A new eastern path will open for Canadian imports of shale gas from the United States -- potentially straight to the national capital, Ottawa -- as a result of a pipeline direction switch approved by the National Energy Board (NEB).
The ruling authorizes TransCanada Corp. to convert the Iroquois Pipeline border crossing between eastern Ontario and New York from a one-way Canadian export path into a bidirectional trade service.
The approved package also includes meter facilities to enable growth of deliveries by the TransCanada network into the Ottawa region in Enbridge Gas Distribution's franchise territory covering Toronto and eastern Ontario.
The Iroquois line has potential to become the third northbound path for U.S. shale gas into Canada, adding to flows across southwestern Ontario via Union Gas's Dawn storage and trading hub and TransCanada's Niagara Falls border crossings.
TransCanada told the NEB that three distribution companies and a marketer subscribe to capacity on the reversible Iroquois link. "The Iroquois Project will increase the diversity and flexibility of transportation routes available to shippers,” said Enbridge Gas.
Enbridge Gas and Union, Canada’s biggest distribution companies, evolved into active cross-border traders as U.S. shale production and exports grew, using permits granted by the NEB and the U.S. Department of Energy (DOE).
Trade scorecards recorded by the DOE’s Office of Fossil Energy credit the two Ontario distributors with 131.8 Bcf of U.S. gas exports during 2016. The scale and pace of added Lower 48 exports along the new Iroquois path remain unknown, depending on unpredictable developments in the United States, as well as Canadian market conditions.
Until recently TransCanada forecasts called for 400 MMcf/d of new U.S. exports via the modified Iroquois border crossing as early as 2018. However, predictions were suspended after New York officials foiled a trading strategy called SoNo, short for south-to-north, by denying environmental approval to a shale gas supply project, Constitution Pipeline.
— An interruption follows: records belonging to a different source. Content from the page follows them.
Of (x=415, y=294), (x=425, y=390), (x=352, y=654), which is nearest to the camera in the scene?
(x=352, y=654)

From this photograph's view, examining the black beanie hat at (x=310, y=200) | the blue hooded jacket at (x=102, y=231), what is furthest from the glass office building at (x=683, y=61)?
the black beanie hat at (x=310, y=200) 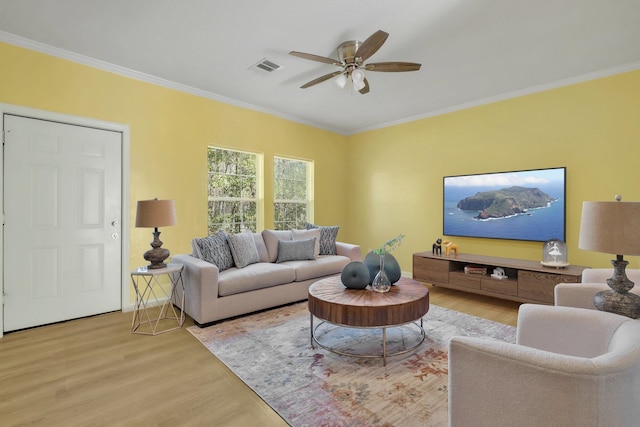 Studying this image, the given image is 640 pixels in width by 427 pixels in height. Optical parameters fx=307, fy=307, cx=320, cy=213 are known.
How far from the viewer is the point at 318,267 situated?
13.1 feet

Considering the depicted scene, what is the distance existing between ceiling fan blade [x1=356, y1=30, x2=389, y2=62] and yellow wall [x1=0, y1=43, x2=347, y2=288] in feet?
7.86

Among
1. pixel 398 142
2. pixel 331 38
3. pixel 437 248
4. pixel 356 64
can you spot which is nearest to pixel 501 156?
pixel 437 248

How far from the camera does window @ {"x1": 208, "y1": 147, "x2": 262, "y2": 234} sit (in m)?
4.40

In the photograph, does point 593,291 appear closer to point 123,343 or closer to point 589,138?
point 589,138

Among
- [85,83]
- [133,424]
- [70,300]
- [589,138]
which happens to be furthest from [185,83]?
[589,138]

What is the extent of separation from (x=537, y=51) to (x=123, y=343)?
4.75 meters

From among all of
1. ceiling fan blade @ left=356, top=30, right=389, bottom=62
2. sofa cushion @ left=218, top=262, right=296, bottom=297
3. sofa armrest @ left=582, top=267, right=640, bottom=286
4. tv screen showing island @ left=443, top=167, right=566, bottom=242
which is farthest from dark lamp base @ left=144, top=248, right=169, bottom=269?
tv screen showing island @ left=443, top=167, right=566, bottom=242

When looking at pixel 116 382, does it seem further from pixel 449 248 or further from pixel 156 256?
pixel 449 248

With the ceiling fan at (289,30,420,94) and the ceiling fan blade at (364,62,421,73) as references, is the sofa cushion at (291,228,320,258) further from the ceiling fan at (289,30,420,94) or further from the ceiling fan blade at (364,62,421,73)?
the ceiling fan blade at (364,62,421,73)

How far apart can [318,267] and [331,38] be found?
2.59 metres

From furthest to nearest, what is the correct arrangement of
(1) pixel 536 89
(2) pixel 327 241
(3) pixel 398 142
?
(3) pixel 398 142, (2) pixel 327 241, (1) pixel 536 89

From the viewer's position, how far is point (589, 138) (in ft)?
11.6

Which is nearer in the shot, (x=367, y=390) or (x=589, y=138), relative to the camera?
(x=367, y=390)

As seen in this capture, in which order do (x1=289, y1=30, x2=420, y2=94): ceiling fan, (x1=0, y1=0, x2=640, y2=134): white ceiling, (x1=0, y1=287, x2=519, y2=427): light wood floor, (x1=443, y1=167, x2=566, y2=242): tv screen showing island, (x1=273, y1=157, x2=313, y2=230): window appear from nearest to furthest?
(x1=0, y1=287, x2=519, y2=427): light wood floor
(x1=0, y1=0, x2=640, y2=134): white ceiling
(x1=289, y1=30, x2=420, y2=94): ceiling fan
(x1=443, y1=167, x2=566, y2=242): tv screen showing island
(x1=273, y1=157, x2=313, y2=230): window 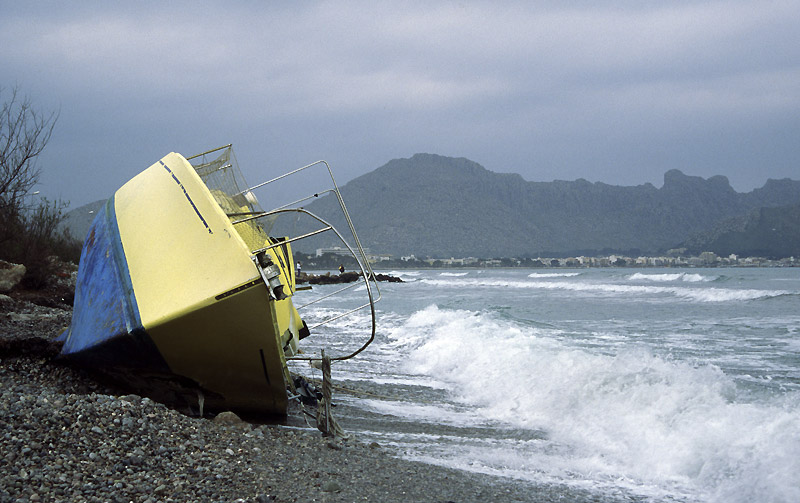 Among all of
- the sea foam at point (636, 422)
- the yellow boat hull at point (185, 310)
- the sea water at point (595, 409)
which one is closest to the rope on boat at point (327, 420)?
the sea water at point (595, 409)

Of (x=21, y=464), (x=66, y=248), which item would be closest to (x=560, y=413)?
(x=21, y=464)

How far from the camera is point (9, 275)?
44.9ft

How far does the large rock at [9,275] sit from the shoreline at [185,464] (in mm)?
8895

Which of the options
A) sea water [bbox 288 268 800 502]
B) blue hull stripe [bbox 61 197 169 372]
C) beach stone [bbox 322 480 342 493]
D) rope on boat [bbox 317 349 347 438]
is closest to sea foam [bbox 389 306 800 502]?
sea water [bbox 288 268 800 502]

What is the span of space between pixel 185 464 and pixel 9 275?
11.7 m

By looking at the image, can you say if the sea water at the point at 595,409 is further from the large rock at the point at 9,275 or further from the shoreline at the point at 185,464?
the large rock at the point at 9,275

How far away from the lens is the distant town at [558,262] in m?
104

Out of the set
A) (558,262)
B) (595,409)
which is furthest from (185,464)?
A: (558,262)

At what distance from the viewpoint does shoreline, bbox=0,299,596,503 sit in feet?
12.5

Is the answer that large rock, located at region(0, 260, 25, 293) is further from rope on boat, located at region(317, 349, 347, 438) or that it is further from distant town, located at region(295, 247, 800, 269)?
distant town, located at region(295, 247, 800, 269)

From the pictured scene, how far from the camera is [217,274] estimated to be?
5797mm

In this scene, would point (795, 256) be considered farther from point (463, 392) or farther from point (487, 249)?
point (463, 392)

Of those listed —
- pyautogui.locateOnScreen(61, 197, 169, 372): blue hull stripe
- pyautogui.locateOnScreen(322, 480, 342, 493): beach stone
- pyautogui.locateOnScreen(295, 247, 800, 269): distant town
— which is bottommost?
A: pyautogui.locateOnScreen(295, 247, 800, 269): distant town

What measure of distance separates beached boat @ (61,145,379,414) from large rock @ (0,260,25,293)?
7814 mm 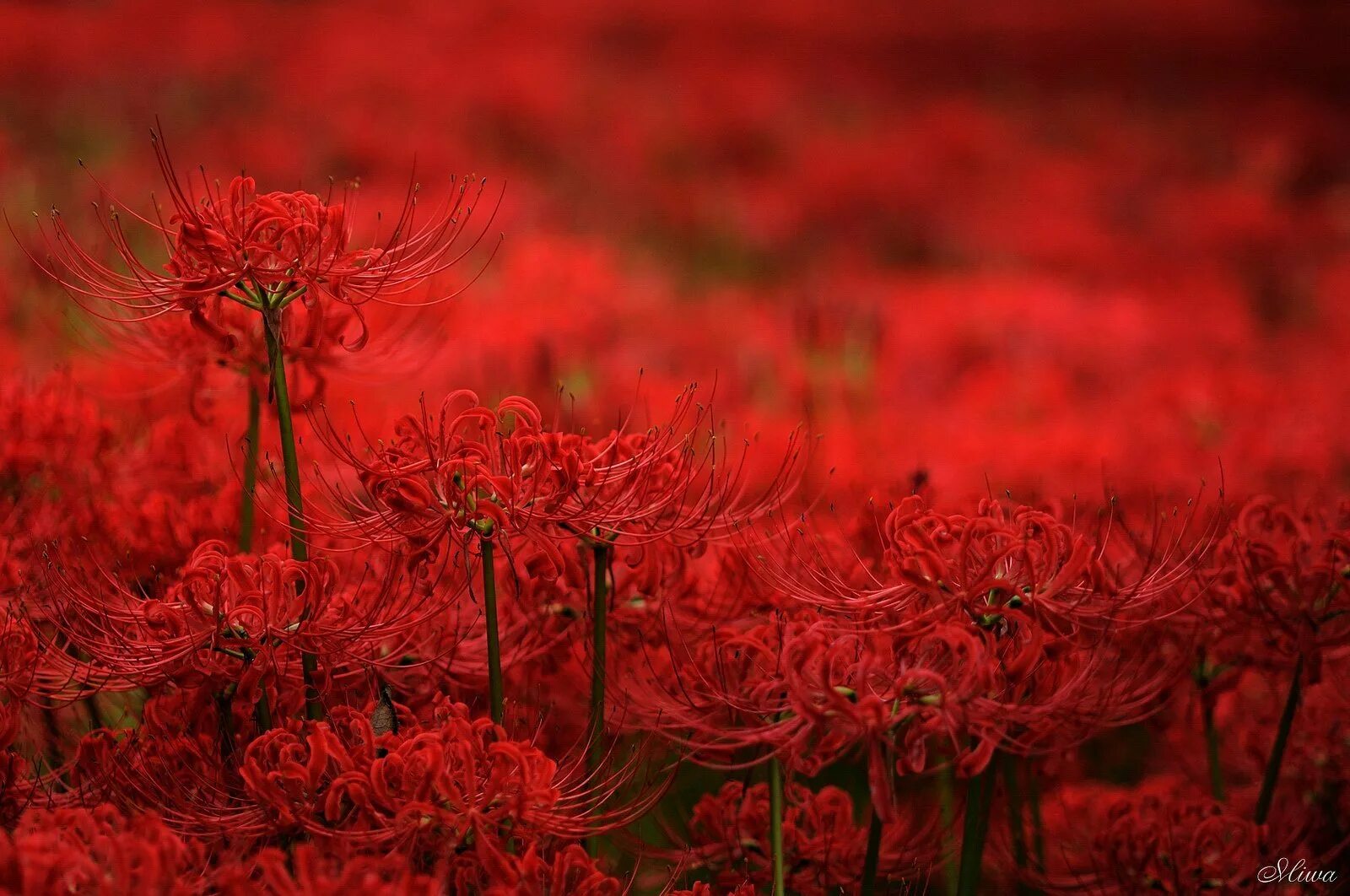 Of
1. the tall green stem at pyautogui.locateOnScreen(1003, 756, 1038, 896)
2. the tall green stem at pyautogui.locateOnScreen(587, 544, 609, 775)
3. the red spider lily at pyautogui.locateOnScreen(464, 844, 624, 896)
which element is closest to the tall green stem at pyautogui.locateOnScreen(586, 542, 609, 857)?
the tall green stem at pyautogui.locateOnScreen(587, 544, 609, 775)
The plan's fate remains tied up in court.
Questions about the Iroquois trading path's potential were also raised in the last natural gas market review conducted by the Ontario Energy Board (OEB).
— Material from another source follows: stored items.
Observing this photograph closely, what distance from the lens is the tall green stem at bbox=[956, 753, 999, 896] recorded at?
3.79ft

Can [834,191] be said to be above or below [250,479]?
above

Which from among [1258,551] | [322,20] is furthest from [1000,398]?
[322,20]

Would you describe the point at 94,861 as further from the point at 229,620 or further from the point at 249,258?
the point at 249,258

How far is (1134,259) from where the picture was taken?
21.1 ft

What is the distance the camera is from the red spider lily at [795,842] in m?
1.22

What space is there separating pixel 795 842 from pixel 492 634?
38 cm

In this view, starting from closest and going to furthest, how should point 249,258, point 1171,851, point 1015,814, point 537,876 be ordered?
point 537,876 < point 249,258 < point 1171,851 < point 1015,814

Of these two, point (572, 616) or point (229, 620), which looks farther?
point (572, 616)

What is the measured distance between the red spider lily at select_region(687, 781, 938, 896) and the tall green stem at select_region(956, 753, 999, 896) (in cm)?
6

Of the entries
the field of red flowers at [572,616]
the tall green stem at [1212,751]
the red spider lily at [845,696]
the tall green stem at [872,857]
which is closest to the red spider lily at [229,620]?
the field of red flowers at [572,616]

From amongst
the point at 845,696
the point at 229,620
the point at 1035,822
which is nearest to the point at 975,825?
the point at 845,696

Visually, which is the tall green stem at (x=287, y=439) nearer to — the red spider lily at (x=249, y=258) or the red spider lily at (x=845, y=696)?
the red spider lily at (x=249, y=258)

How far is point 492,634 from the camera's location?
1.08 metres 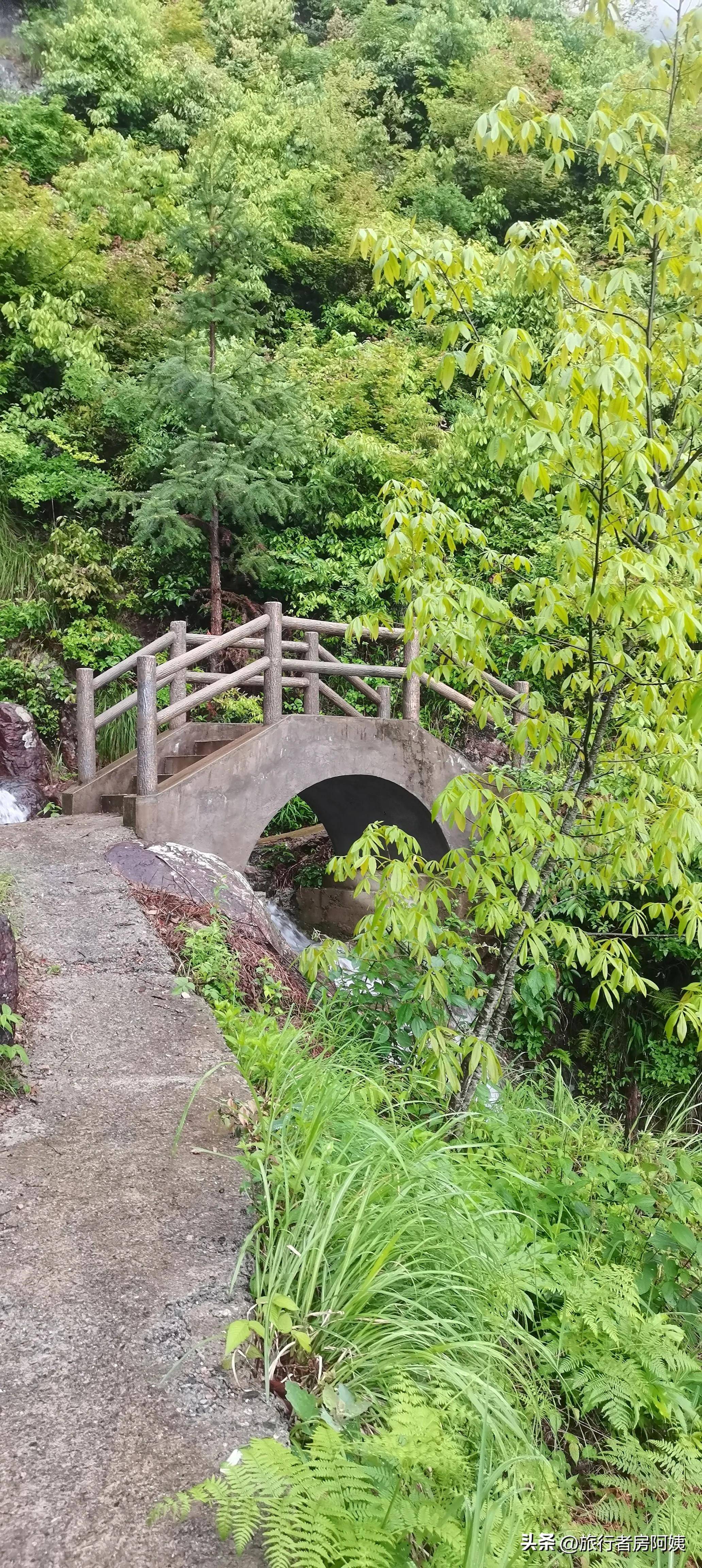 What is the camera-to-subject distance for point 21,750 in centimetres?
954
"By 2021, U.S. supplies -- primarily from the Marcellus and Utica basins -- will meet some 74% of Ontario demand," said an OEB staff report. "Increased access to northeast U.S. shale gas via enhanced pipeline infrastructure will raise the share of total Ontario gas demand met from shale gas originating in the U.S. northeast from 0.4 Bcf/d to 2.0 Bcf/d between 2015 and 2021."
Union raised doubts that the key ingredient of SoNo, a Constitution Pipeline gas supply link to Iroquois at Waddington in central New York State, would ever mature into a rival for the Dawn complex near the western Ontario border with Michigan.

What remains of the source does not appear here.